Com um sinal de mãos de Kamimura, os samurai formaram dois grupos coesos para se protegerem. O primeiro grupo seguiu em direção à menina. Um dos samurai a examina, enquanto os outros vasculham a área com os olhos. Quando se dá por satisfeito, o samurai sinaliza aos colegas para se unirem de novo.
"Kamimura, ela está branca como a própria neve. Um animal mordeu-a o pescoço."
"Que animal?"
"Difícil dizer. São dois pontos separados, não vejo marca dos outros dentes. Pode ser tanto uma serpente quanto um lobo, mas um lobo teria arrancado um pedaço."
Kamimura examinou o chão. Não havia sinais de animais grandes, e serpentes não existem por lá. Estavam sobre uma trilha de comércio, portanto havia centenas de pegadas de homens, nenhuma com menos de três dias. Não haviam encontrado nada no caminho até ali. Talvez encontrassem no restante do caminho.
Os samurai enrolaram a menina com peças sobressalentes de suas roupas e carregaram-na consigo revezando-se em turnos para não cansarem.
Kamimura é o mais experiente, ele olhou para a Lua crescente cheia no horizonte e impediu seus companheiros de deitarem-se para dormir. "Vamos continuar à noite.", gritou. Os menos experientes entreolharam-se, seria mesmo sábio continuar no escuro? Kamimura respirou o vento gelado da noite, que fez seus músculos acordarem. Ele sabia que a Lua cheia não deixaria o escuro chegar, mesmo assim, preferiu deixar seus jovens companheiros receosos.
"Dizem que esta besta enxerga na mais densa escuridão."
Kamimura olhou para seu grupo esperando que alguém se acusasse por quebrar o silêncio. Ninguém se mexeu. Kamimura feriu-os com o olhar, sentiu o medo perturbando o coração dos jovens. Yoritomo e Yoshitomo sentiam o medo como um frio atravessando o ventre. Perdoou-os e seguiu. Era quase primavera. O gelo das montanhas estava escorrendo, ocupando o som noturno.
Alguns dos homens perguntaram-se baixo se o animal que mordera o pescoço da criança poderia ser um filhote de dragão. De novo, a sabedoria dos mais experientes foi ouvida, e concordaram que um dragão não atacaria uma criança.
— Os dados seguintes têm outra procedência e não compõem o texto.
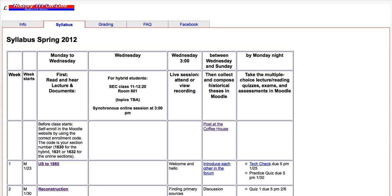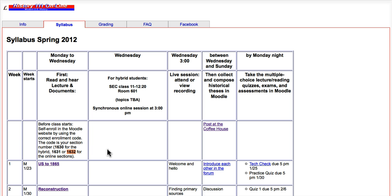This is my History 111 class, but each class has its own website, and on the syllabus you will see that before class starts, you're being asked to self-enroll in the Moodle site. Now, let's say I am in class section 1632. It's important to know which section of the class you're in to make sure you get into the right place once you're in Moodle, so I'm in 1632.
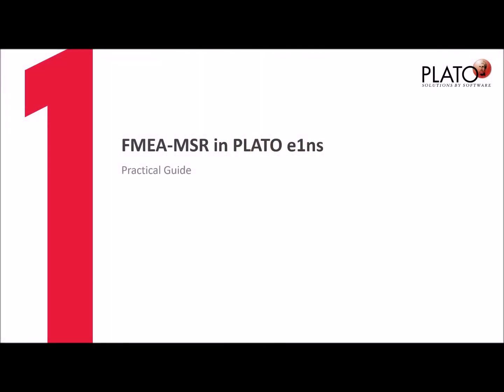Hello and welcome to this video. It is about FMEA-MSR and how it is used in our software PLATO e1ns. This is a practical guide, so I will not speak much about methodology, but you should read the corresponding chapter in the FMEA handbook first.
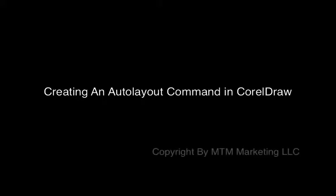One of the important features we had in our rotary engraving software was the ability to press one key and have our text or logo auto layout. In CorelDRAW, we don't have this same ability.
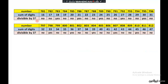So in this case, we check whether 781 is divisible by 3. The answer is no, since the sum of its digits is not divisible by 3. So 781 is not divisible by 3.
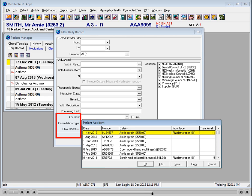The same principle applies to the following items: accident, consultation type, and clinical status.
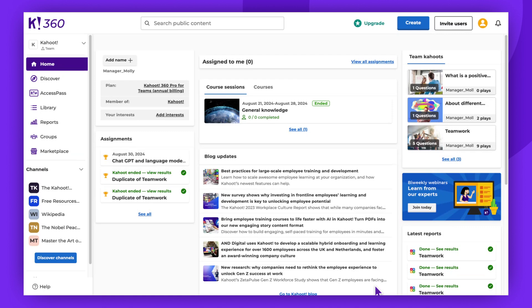A usage report provides insights into Kahoot usage among members of the shared workspace.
Não sem um bom motivo. "E se crianças estivessem atacando o ninho? Um dragão tem muito poder para ser preocupar com uma criança.", disse um. "Não, não há ninhos de dragão. Ninguém vê ninhos de dragão há muito tempo", disse outro, "desde que os homens foram morar sobre as montanhas."
Jigoro carregou a menina duas vezes durante a noite. Pedira para carregá-la uma vez. Achou difícil encaixá-la em seus ombros, era como se a menina não quisesse ser levada. Também pôde ver o rosto da menina quando o cobertor improvisado escorregou. Sua pele era lisa, e, apesar do frio da morte e da noite, era branca, não azul. Seus lábios ainda estavam rosados, delicados. A mordida no pescoço deixava-o sedento de sangue. Jurou eliminar seu assassino. Sob protestos dos colegas, Jigoro sussurrou um acalanto na orelha da menina e, mesmo arrepiando seus companheiros, acalmou-se. Pediu para carregá-la uma segunda vez. Dessa vez, carregou-a em seu colo, não em seus ombros. Queria dar-lhe um nome, mas não podia.